Web page caption snippets:

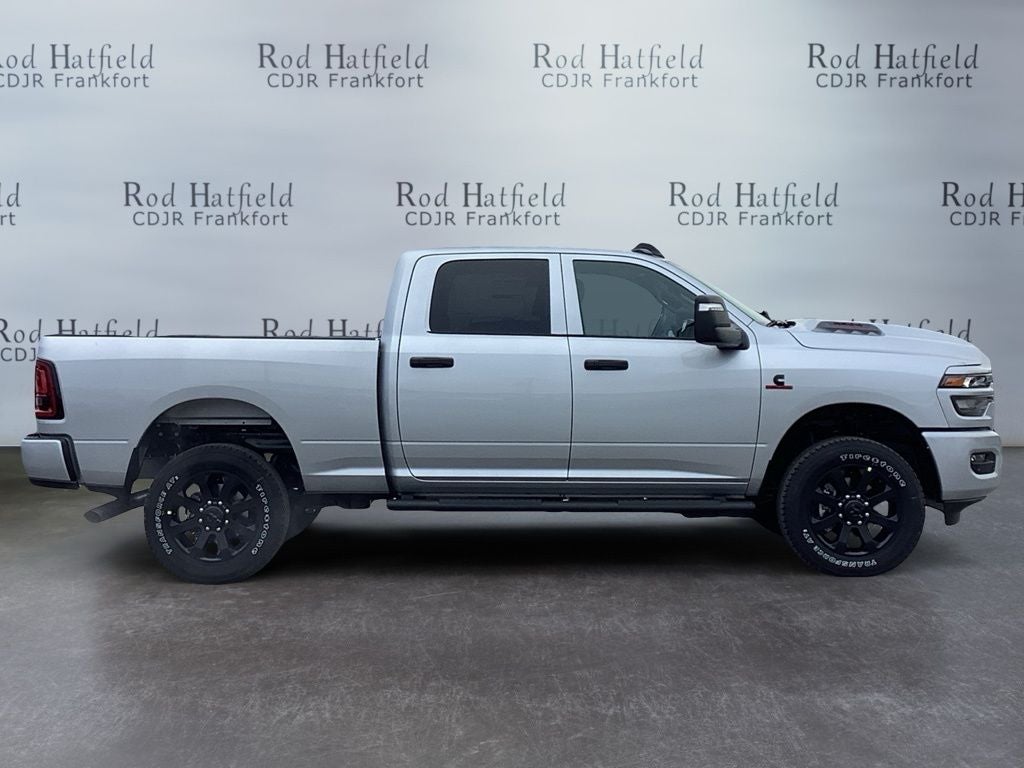 2026 RAM Ram 2500 RAM 2500 BLACK EXPRESS CREW CAB 4X4 6'4' BOX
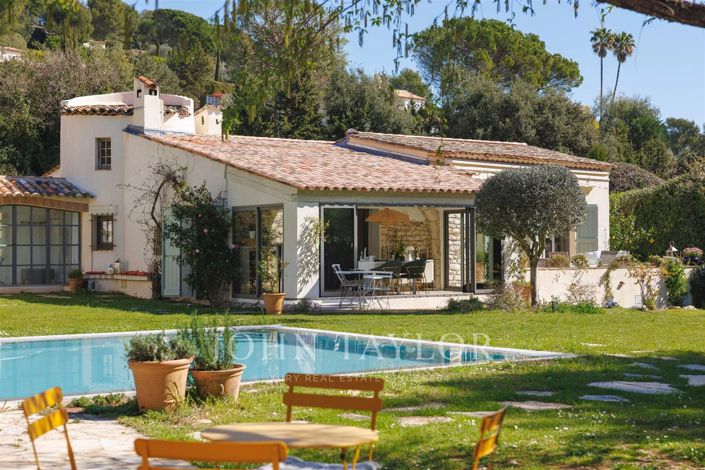 Image No.3-5 Bed House for sale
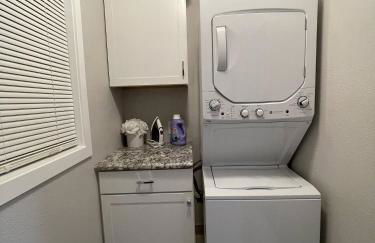 Airy Modern 2BR/2BA - Parking + Laundry + Sleep 6 - Foto 26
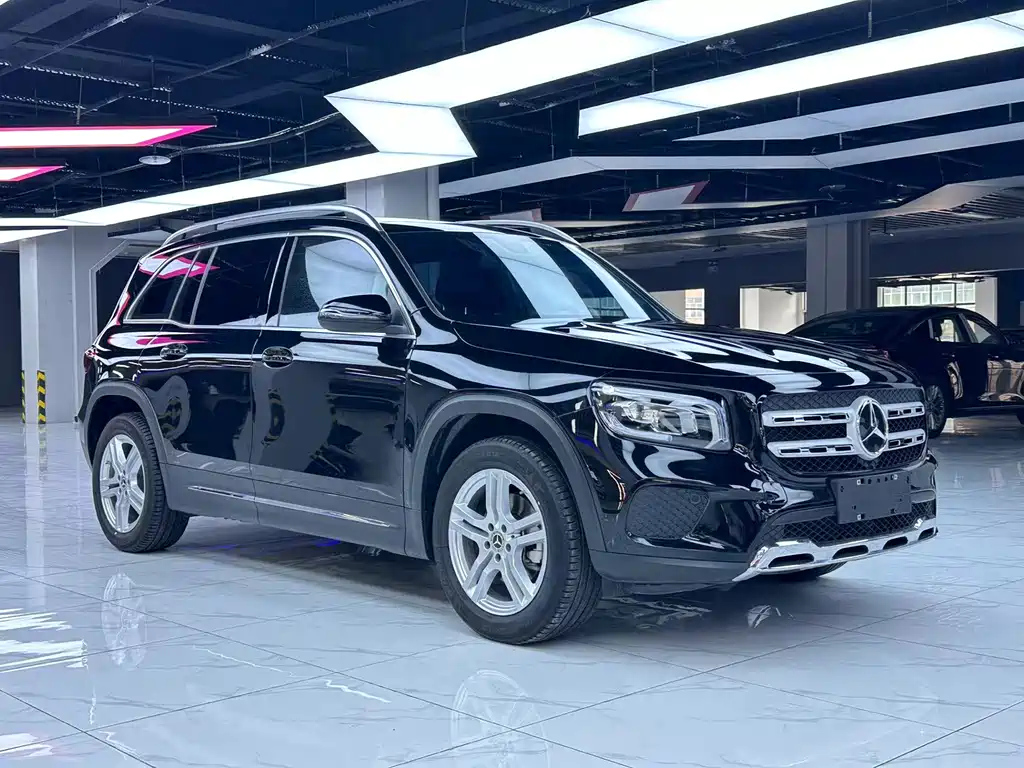 MERCEDES BENZ GLB 2022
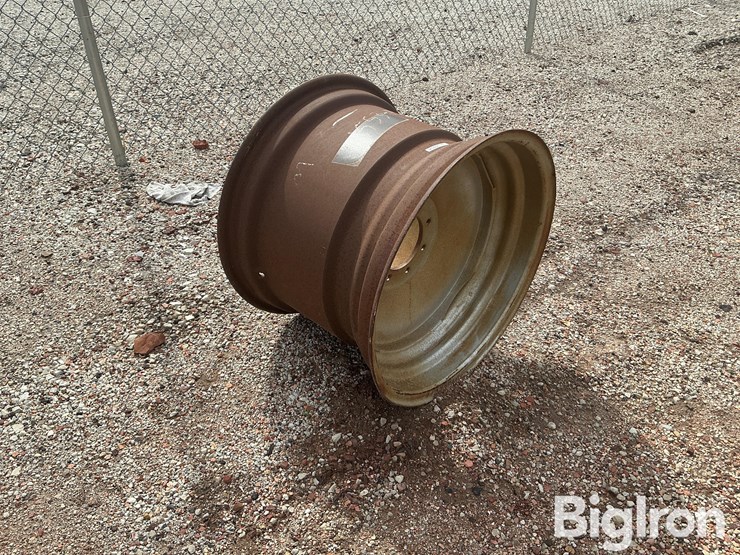 20-x-26-case-2wd-combine-rear-wheel-image-3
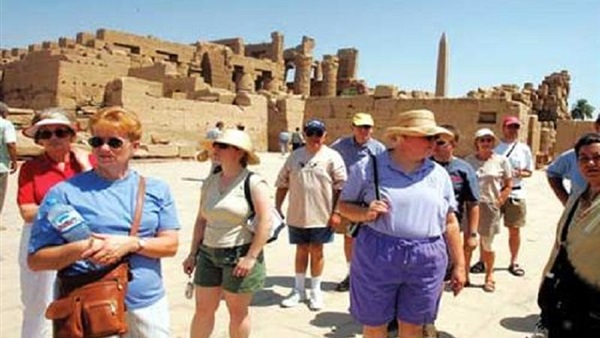 7 آلاف سائح إجمالي حركة مطار شرم الشيخ خلال 24 ساعة 7 آلاف سائح إجمالي حركة مطار شرم الشيخ خلال 24 ساعة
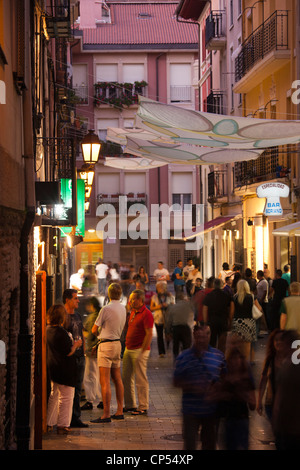 L'Espagne, la région de La Rioja, La Rioja Province, Logrono, les foules à l'extérieur de bars à tapas dans la Calle Laurel Street Banque D'Images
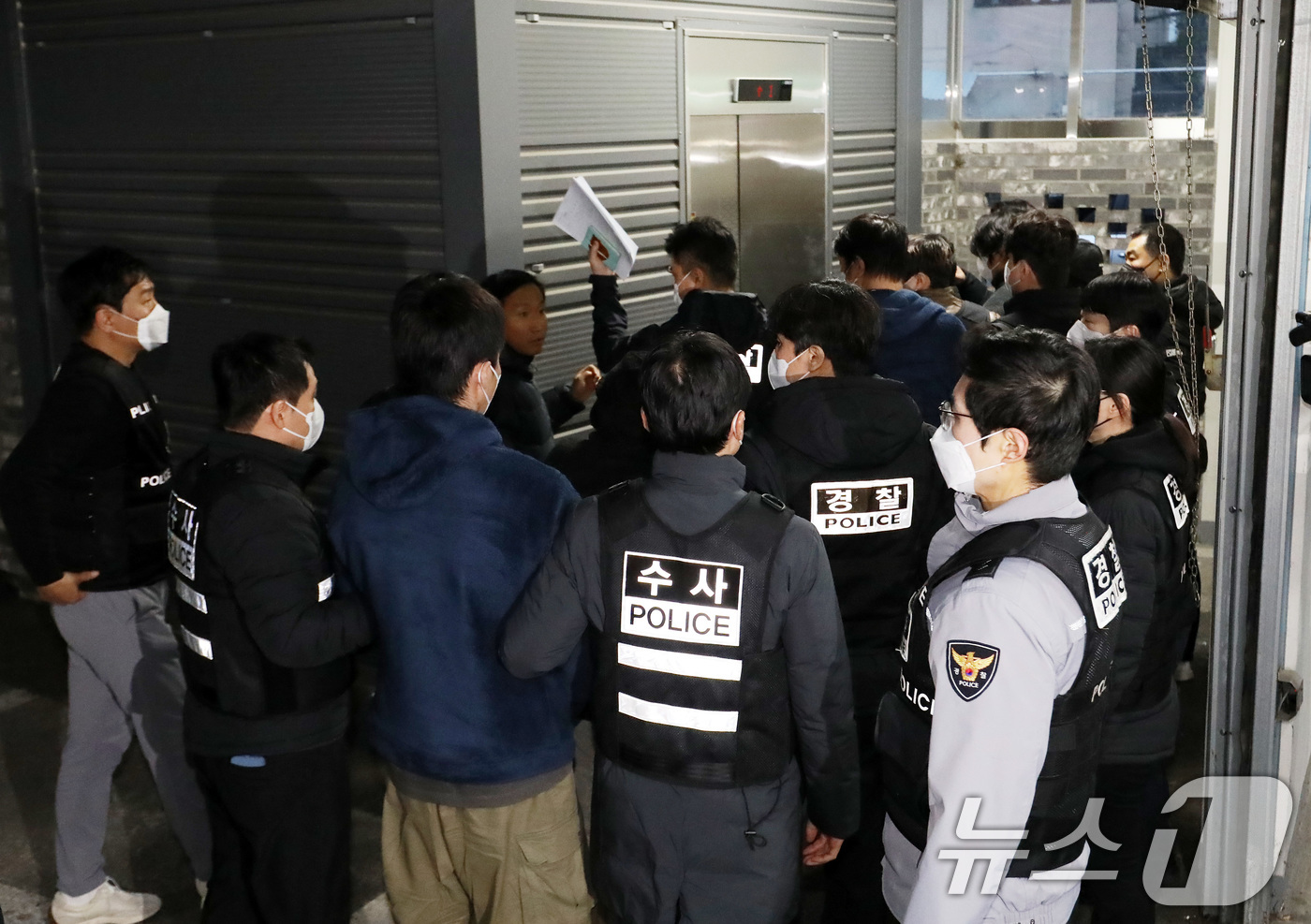 (부산=뉴스1) 윤일지 기자 = 캄보디아에서 대규모 스캠 범죄를 저질러 강제 송환된 한국인 피의자들이 23일 오후 부산 동래구 동래경찰서로 압송되고 있다.이날 인천국제공항을 통해 …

Task to complete: Skip all pictures. Copy exactly the lines from the one containing "20-x-26-case-2wd-combine-rear-wheel-image-3" through the end of the records, both ends included.

Result of this exercise:
 20-x-26-case-2wd-combine-rear-wheel-image-3
 7 آلاف سائح إجمالي حركة مطار شرم الشيخ خلال 24 ساعة 7 آلاف سائح إجمالي حركة مطار شرم الشيخ خلال 24 ساعة
 L'Espagne, la région de La Rioja, La Rioja Province, Logrono, les foules à l'extérieur de bars à tapas dans la Calle Laurel Street Banque D'Images
 (부산=뉴스1) 윤일지 기자 = 캄보디아에서 대규모 스캠 범죄를 저질러 강제 송환된 한국인 피의자들이 23일 오후 부산 동래구 동래경찰서로 압송되고 있다.이날 인천국제공항을 통해 …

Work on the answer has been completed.